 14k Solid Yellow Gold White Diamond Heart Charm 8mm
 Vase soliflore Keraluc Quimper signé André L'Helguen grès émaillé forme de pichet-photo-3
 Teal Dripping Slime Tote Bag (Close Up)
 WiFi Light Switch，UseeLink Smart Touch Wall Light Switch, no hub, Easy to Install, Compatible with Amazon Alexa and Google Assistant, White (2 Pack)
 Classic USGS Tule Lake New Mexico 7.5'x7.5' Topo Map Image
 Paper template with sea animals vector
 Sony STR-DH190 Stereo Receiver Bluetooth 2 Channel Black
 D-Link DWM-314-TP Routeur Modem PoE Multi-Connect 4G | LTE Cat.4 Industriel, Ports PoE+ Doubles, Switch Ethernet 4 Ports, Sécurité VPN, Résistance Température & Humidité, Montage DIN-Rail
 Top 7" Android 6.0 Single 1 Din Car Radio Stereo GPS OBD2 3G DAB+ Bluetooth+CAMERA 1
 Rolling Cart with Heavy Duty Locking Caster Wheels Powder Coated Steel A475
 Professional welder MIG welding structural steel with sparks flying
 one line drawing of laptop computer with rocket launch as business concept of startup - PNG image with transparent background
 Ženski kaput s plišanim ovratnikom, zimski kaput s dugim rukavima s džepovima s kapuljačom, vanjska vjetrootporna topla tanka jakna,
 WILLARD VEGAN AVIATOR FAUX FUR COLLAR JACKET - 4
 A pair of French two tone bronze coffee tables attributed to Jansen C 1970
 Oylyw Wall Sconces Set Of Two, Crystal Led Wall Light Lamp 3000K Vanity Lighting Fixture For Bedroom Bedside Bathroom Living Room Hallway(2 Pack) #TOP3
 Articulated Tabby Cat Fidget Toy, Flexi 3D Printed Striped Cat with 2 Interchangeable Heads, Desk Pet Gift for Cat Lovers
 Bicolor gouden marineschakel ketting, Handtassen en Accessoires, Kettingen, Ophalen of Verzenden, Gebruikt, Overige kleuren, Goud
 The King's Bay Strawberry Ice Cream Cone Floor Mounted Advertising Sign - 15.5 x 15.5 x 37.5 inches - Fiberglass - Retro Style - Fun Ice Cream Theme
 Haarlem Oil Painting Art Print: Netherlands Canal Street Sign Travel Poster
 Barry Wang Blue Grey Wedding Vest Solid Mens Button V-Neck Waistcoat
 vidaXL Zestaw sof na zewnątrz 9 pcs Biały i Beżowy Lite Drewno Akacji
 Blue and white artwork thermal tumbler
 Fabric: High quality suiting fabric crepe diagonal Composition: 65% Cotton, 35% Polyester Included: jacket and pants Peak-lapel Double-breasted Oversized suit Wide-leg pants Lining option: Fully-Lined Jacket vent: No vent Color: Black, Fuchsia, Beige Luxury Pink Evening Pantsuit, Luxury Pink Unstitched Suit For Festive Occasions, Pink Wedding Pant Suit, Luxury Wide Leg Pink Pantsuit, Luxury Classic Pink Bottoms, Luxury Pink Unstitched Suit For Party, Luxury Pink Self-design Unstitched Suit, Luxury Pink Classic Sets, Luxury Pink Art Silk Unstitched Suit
┄┄┄┄┄┄┄┄┄┄┄┄┄┄┄┄┄┄┄┄
§ What you need to do:
The expected answer is every line in the data above that carries the string "Switch".

§ Written solution:
 WiFi Light Switch，UseeLink Smart Touch Wall Light Switch, no hub, Easy to Install, Compatible with Amazon Alexa and Google Assistant, White (2 Pack)
 D-Link DWM-314-TP Routeur Modem PoE Multi-Connect 4G | LTE Cat.4 Industriel, Ports PoE+ Doubles, Switch Ethernet 4 Ports, Sécurité VPN, Résistance Température & Humidité, Montage DIN-Rail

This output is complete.